● **WORK ORDER**
An exact reproduction of the records is required, with all pictures omitted.

● **PROVIDED RECORDS**

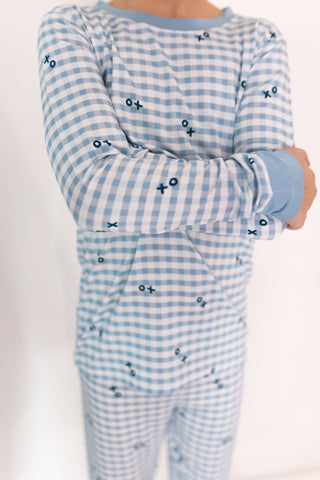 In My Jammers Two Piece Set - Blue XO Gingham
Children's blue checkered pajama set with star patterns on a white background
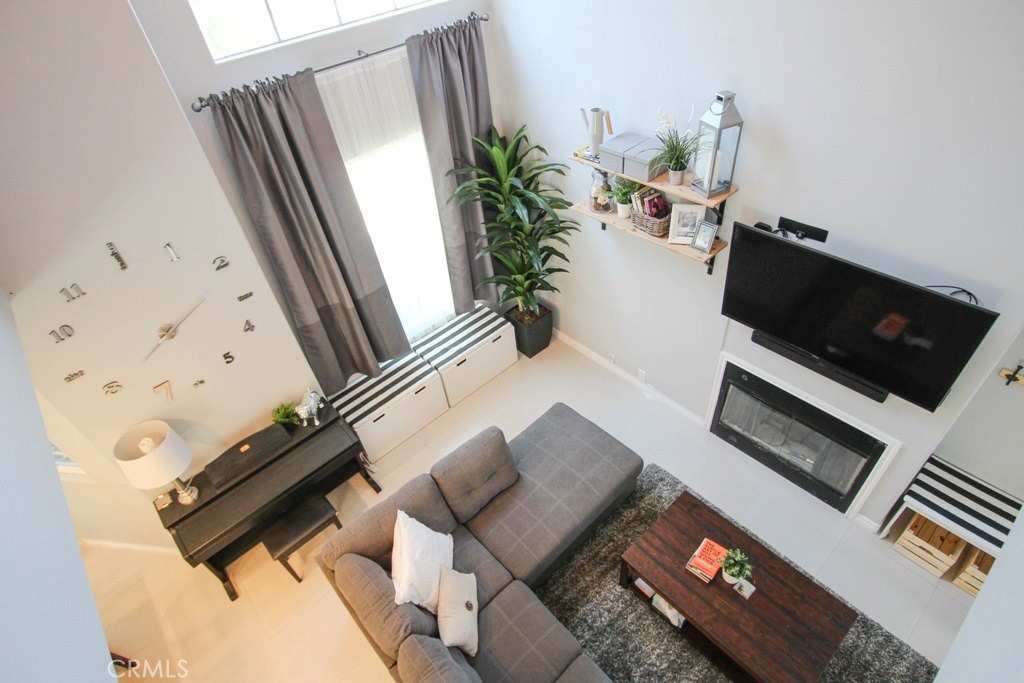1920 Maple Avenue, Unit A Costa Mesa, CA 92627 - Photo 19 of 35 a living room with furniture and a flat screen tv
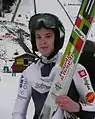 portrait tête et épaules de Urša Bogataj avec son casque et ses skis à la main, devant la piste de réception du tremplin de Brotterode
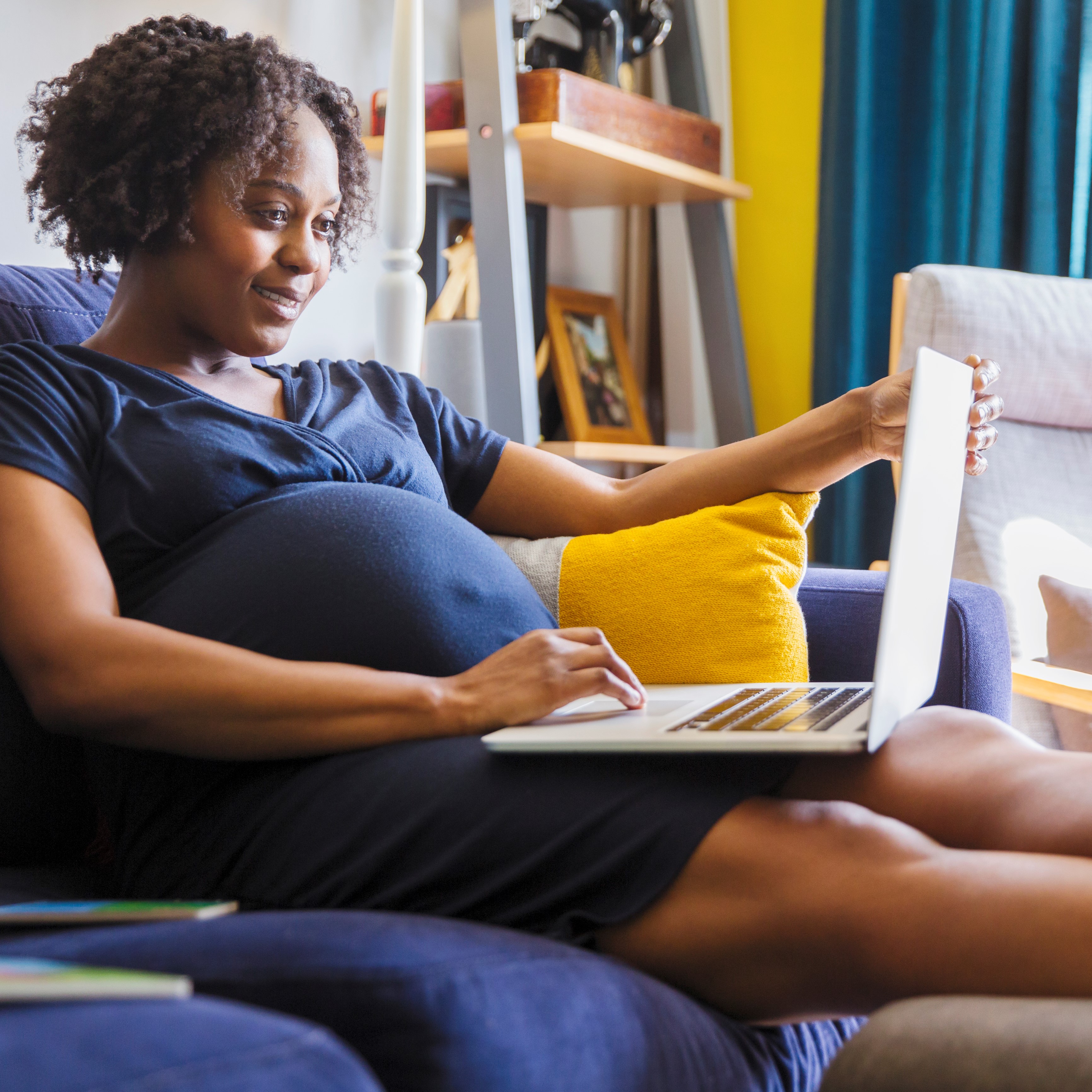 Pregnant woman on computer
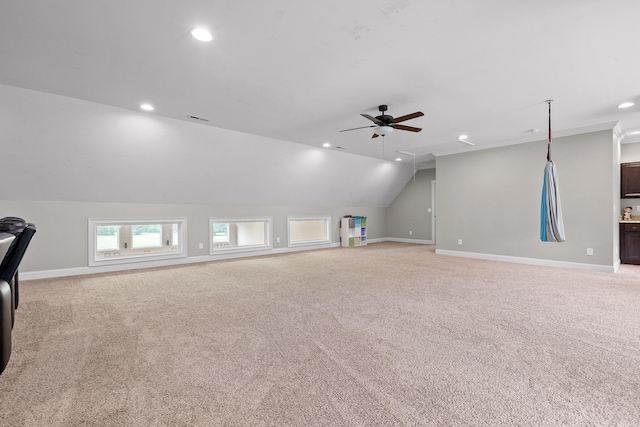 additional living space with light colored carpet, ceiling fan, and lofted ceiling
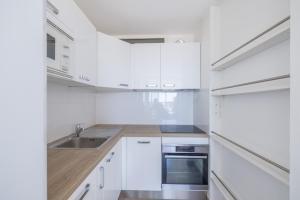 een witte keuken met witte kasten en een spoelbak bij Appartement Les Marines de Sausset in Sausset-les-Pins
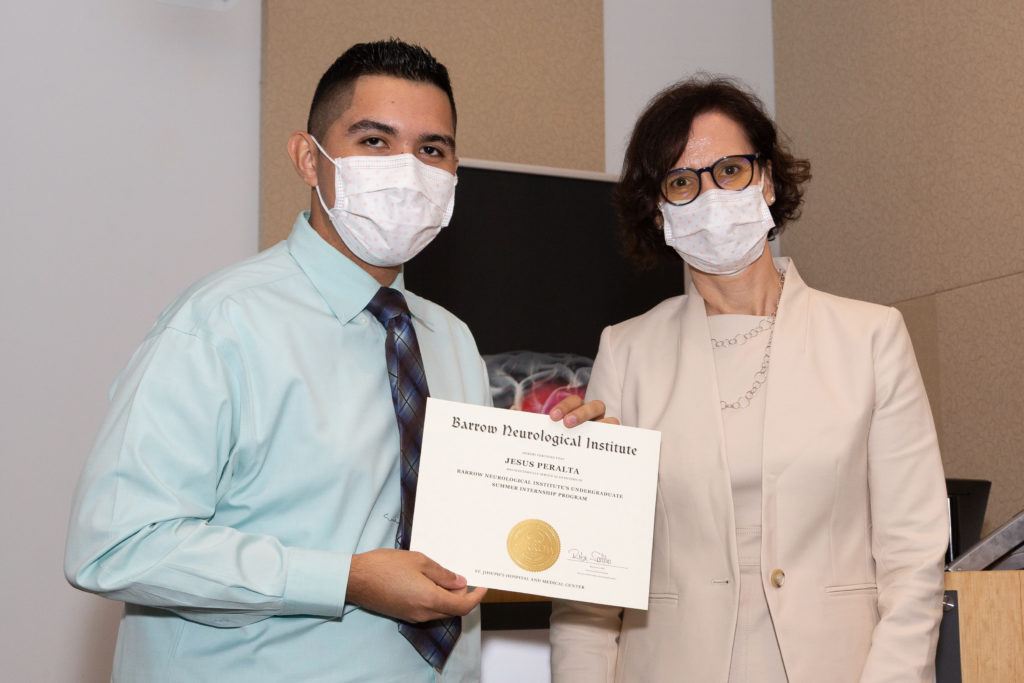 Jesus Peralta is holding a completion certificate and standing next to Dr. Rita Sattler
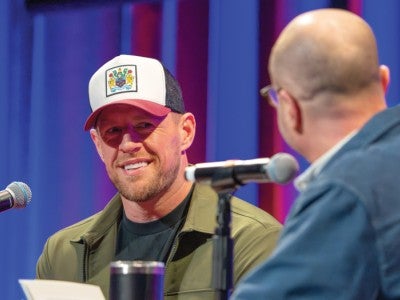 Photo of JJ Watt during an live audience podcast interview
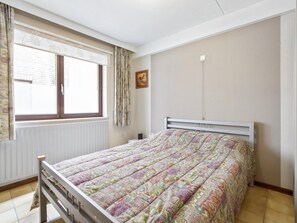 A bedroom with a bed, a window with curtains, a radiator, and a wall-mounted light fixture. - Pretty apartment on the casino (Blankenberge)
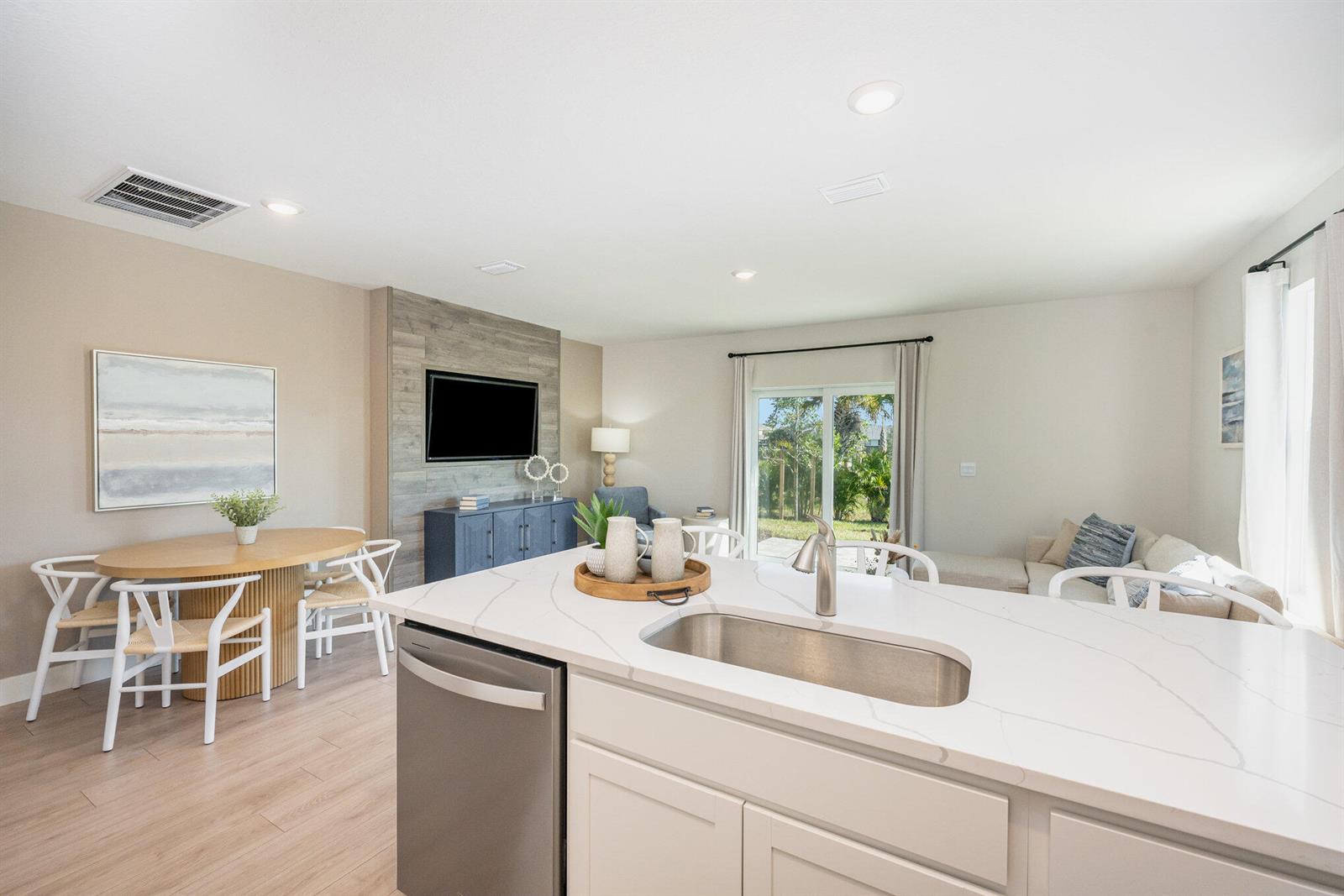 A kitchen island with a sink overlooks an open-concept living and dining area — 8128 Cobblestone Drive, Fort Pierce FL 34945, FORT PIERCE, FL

● **THE ANSWER**
 In My Jammers Two Piece Set - Blue XO Gingham
Children's blue checkered pajama set with star patterns on a white background
1920 Maple Avenue, Unit A Costa Mesa, CA 92627 - Photo 19 of 35 a living room with furniture and a flat screen tv
 portrait tête et épaules de Urša Bogataj avec son casque et ses skis à la main, devant la piste de réception du tremplin de Brotterode
 Pregnant woman on computer
 additional living space with light colored carpet, ceiling fan, and lofted ceiling
 een witte keuken met witte kasten en een spoelbak bij Appartement Les Marines de Sausset in Sausset-les-Pins
 Jesus Peralta is holding a completion certificate and standing next to Dr. Rita Sattler
 Photo of JJ Watt during an live audience podcast interview
 A bedroom with a bed, a window with curtains, a radiator, and a wall-mounted light fixture. - Pretty apartment on the casino (Blankenberge)
 A kitchen island with a sink overlooks an open-concept living and dining area — 8128 Cobblestone Drive, Fort Pierce FL 34945, FORT PIERCE, FL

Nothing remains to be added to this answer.